13 Moons:Full Suite (Mi’kma’ki in Terence Bay, Nova Scotia)

One of my favorite installations was by Jordan Bennett. Bennett lives and works on his ancestral territory of Mi’kma’ki in Terence Bay, Nova Scotia. His piece 13 Moons:Full Suite showcases the moons in the Mi’kmaq year. His use of bold patterns and colors is eye catching, I was immediately drawn to this wall. Rivers About to Freeze-Keptekewikús was my favorite moon.(2nd from the bottom left)

Fun fact: Indigenous peoples have measured the year by a lunar cycle of 13 full moons, which are visible every 28 days over the course of the year.

Flukt Forover 2 (Norway)

Flukt Forover 2 (Escape Forward 2) by Ann Cathrin November Høibo was another favorite. I love how rough and exposed her work is. She had two tapestries in the collection. The use of wool in her work is a nod to sheep, one of the oldest livestock animals in Norway. Høibo mentions how wool is so essential for survival along the Norwegian coastline, and sheep are a crucial animal in the region. This piece Flukt Forover 2 is made from hand woven coconut fiber, tulle, and stones.

Skaftafell–Pia I and Skaftafell–Pia II (Iceland)

Arngunnur Ýr is an artist from Iceland. She paints the most beautiful landscapes and is also very aware of how her local land is changing. Over the past few years it’s been even more evident that the glaciers are melting and changing the landscape. This reflects in her paintings, depicting more of the ice melt. You can never call her painting are boring, Ýr prefers to paint with “incorrect” colors which make her landscapes extra dreamy.

Torne STYX (Kieksiäisvaara-Swedish part of Sápmi)

Torne STYX, by Anders Sunna really jumped out at me. It was unlike any other piece in the exhibition. It was very dark and almost sinister looking. This piece depicts both physical and mythological worlds. Torne is a river in northern Sweden and Finland, and Styx is the river in Greek mythology that separates the world of the living from the world of the dead.

Then you have a skeletal figure that looks like Death looming over it all while checking his watch. (creepy) The water in the painting is actually a collage of historic Sápmi images, photocopies of forestry and mining, and the artist’s own family album painted over. This piece had a lot going on and I spent quite some time taking it all in. Anders Sunna comes from a family with a long tradition of reindeer herding, in the 1970s family lost their right to herd reindeer due to changes made in the law. This caused a lot of struggle within the community of Sápmi. You can sense that in this piece.

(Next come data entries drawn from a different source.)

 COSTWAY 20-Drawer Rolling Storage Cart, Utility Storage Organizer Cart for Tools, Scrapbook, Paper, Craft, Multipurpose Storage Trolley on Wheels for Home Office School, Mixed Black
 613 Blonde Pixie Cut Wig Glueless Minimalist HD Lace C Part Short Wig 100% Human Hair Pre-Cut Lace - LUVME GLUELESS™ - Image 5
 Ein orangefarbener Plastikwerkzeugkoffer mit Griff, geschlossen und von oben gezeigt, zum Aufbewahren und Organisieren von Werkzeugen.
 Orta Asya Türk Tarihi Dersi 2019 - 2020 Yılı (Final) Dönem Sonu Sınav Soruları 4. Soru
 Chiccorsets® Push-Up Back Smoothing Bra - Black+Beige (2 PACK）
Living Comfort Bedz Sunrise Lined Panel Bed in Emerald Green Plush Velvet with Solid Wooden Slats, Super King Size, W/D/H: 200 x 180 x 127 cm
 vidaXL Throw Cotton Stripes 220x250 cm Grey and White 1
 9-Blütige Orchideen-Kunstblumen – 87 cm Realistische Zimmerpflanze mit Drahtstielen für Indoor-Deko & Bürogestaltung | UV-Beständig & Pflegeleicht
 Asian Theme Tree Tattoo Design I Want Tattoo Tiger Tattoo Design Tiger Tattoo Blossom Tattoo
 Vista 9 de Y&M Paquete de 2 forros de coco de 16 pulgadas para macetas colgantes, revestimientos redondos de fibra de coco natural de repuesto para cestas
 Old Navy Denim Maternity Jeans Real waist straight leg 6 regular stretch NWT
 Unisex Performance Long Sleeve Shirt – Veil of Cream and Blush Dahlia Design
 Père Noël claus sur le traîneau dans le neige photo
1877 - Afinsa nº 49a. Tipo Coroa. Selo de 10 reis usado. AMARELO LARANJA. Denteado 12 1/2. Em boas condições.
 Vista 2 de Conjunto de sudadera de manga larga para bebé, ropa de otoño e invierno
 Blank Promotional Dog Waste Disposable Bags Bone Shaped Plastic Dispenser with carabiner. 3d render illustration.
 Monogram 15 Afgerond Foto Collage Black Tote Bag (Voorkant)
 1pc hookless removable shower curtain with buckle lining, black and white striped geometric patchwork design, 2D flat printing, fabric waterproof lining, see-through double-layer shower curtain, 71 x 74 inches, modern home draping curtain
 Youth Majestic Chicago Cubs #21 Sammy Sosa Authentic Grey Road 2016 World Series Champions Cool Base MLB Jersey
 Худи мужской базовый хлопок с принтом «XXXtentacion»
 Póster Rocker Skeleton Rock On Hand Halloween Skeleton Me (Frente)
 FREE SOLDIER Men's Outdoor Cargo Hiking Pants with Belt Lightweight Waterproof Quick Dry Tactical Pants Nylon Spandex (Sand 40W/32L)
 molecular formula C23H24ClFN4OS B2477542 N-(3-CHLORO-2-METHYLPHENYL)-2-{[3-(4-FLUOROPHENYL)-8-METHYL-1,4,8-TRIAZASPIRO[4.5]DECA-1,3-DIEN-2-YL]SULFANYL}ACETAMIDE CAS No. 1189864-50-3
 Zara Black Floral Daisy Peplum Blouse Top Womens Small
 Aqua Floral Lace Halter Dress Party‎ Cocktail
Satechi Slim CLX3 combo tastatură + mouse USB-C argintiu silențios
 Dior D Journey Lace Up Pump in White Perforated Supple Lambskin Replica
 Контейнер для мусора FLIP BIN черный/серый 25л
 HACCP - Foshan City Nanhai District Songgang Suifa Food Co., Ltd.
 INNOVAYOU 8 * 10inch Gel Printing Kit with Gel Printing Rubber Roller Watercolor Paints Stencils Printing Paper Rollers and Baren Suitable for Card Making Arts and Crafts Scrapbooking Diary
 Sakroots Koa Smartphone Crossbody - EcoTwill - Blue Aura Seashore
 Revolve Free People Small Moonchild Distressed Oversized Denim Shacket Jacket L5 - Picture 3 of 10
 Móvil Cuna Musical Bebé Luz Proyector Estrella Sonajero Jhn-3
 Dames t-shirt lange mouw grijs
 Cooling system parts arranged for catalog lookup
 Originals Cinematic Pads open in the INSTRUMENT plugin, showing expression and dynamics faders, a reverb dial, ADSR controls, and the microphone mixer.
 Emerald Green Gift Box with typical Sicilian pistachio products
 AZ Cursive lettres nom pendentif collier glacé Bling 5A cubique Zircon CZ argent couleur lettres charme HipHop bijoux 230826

If you have a chance you need to experience these pieces and more for yourself, the exhibition will be at the PMA until June 5,2022.

Here are some of my new favorite pieces outside of the North Atlantic Triennial. Plus my absolute favorite piece in the museum, I don’t know what it is about New York-Paris No.2 but I am just drawn to it. I want to live in that painting at the Hotel de France, drink suze and eat croissants.(well, maybe not drink suze)

I hope you enjoyed a little glimpse into my local museum. Portland, Maine is pretty lucky.